One night, Sharon and I were sitting outside a McDonald's in Shenandoah, and she asked me a question about my friendship with Rachel. I confessed to Sharon something I'd never told Rachel: that--for just a second, when Kevin chose Rachel to lead the Care Team--I experienced something akin to envy. (I'd always been more Jonathan and less armourbearer!) Also, that--in the very next second--I decided to trust Kevin's decision and support Rachel, whom I had come to really, really love. Looking back, I can see that Kevin absolutely made the right decision for a million reasons. There isn't time to go into all of them, but suffice it to say--at the end of the day--Rachel has the more caring heart. And Kevin's work of bringing Rachel out and simmering me down was very much part of God's great plan in growing the two of us; I'm certain I have learned much more in following than I would have in leading, and Rachel has learned much more in leading than she would have in following. Furthermore, as I told Sharon in Shenandoah, I believe I have a calling on my life where Rachel is concerned, and the calling is to protect her: sometimes guide her, but mostly protect her. It was something to which I'd never given conscious thought, but--as soon as I uttered the words--I knew it was true.

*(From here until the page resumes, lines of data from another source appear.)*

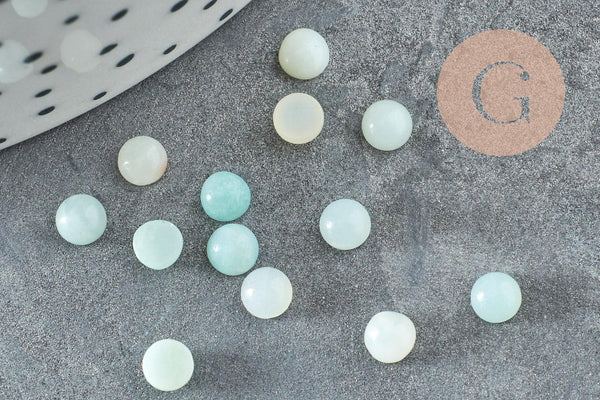 Cabochon rond amazonite naturelle 4mm, x1 (G4225)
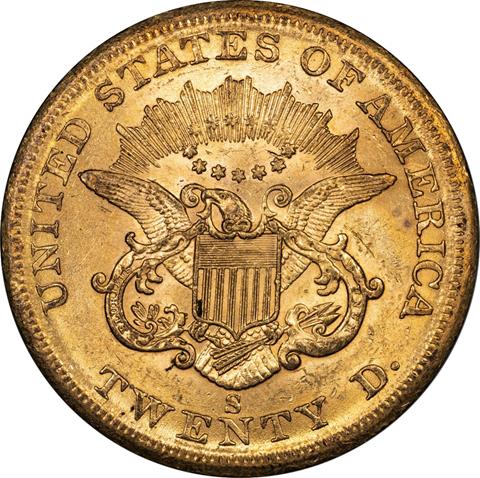 Picture of 1859-S LIBERTY HEAD $20 MS61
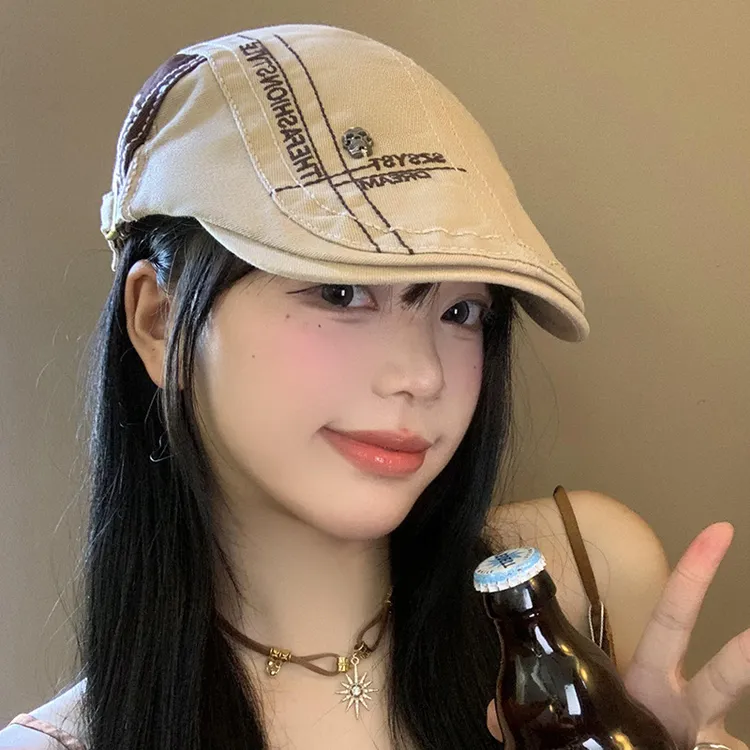 前进女古着贝雷帽大头围防紫外线帽子棒球帽帽子女款2025款网红款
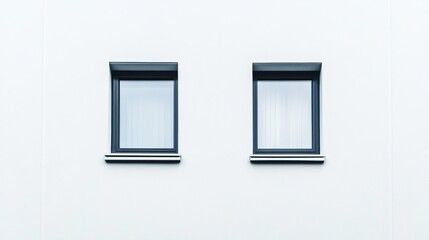 Modern Windows on Minimalist Wall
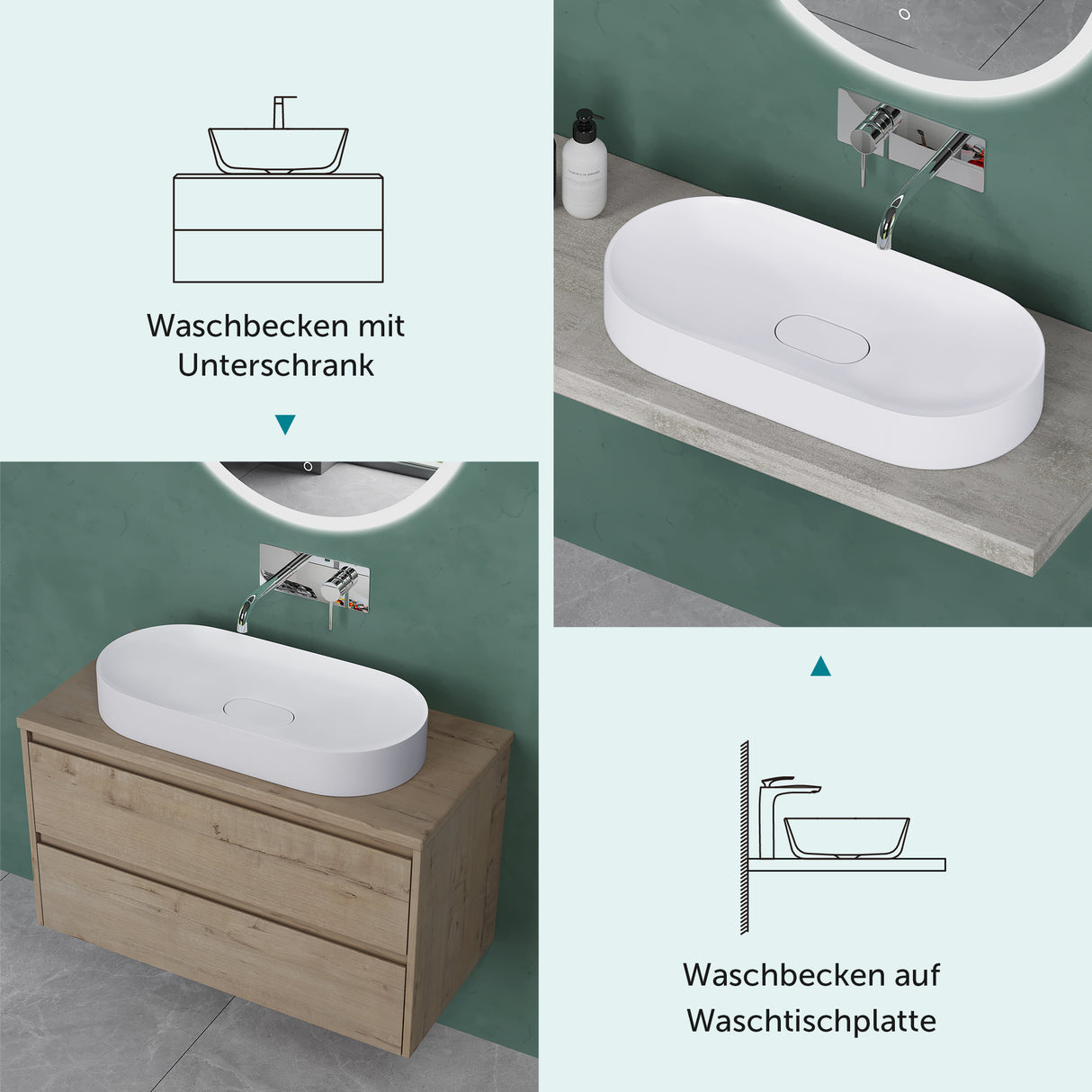 glasvilla Waschbecken Aufsatzwaschbecken Waschschale aus Mineralguss inkl. Nano-Versiegelung Col826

It was with great excitement that I told Rachel about my insightful conversation with Sharon, and--at the tail end--I added: "It's true; it's really true! I feel like a lion walking back and forth in front of you!"
Rachel asked, quietly: "Brandee, do you know what Rachel means?"
I answered: "No."
Rachel said: "It means little lamb."
Even so, days later, I was having an especially rough time, and my head was filled with crazy thoughts about how everyone hated me, and that particular thing--the lion thing--kept coming up. Satan asked: "Who do you think you are? You're no one! And what was this, saying nonsense to Rachel about protecting her? What an idiot you are!"
The phone rang. It was Rachel. I told her: "I've been feeling so stupid for saying all that the other day. The lion thing."
And she responded: "Satan has been attacking me, too. There's this thing that God is calling me to do, and Satan doesn't want me to do it. And every time he tries to get in my head and tell me all of the bad things that will happen if I do what God wants me to do, I close my eyes and picture you as a lion, walking back and forth in front of me, protecting me."
So. Rachel brings to my life the gift of faith: not only in God, but also in me. And because she has faith in me, I draw and squeeze just as close to God as I possibly can: growing in faith, listening for His voice, receiving His direction, and preparing myself for what lies ahead for both Rachel and me. We are in it together. Because she trusts in me, I will be found--at every turn--trustworthy. Heart and soul, I am with her.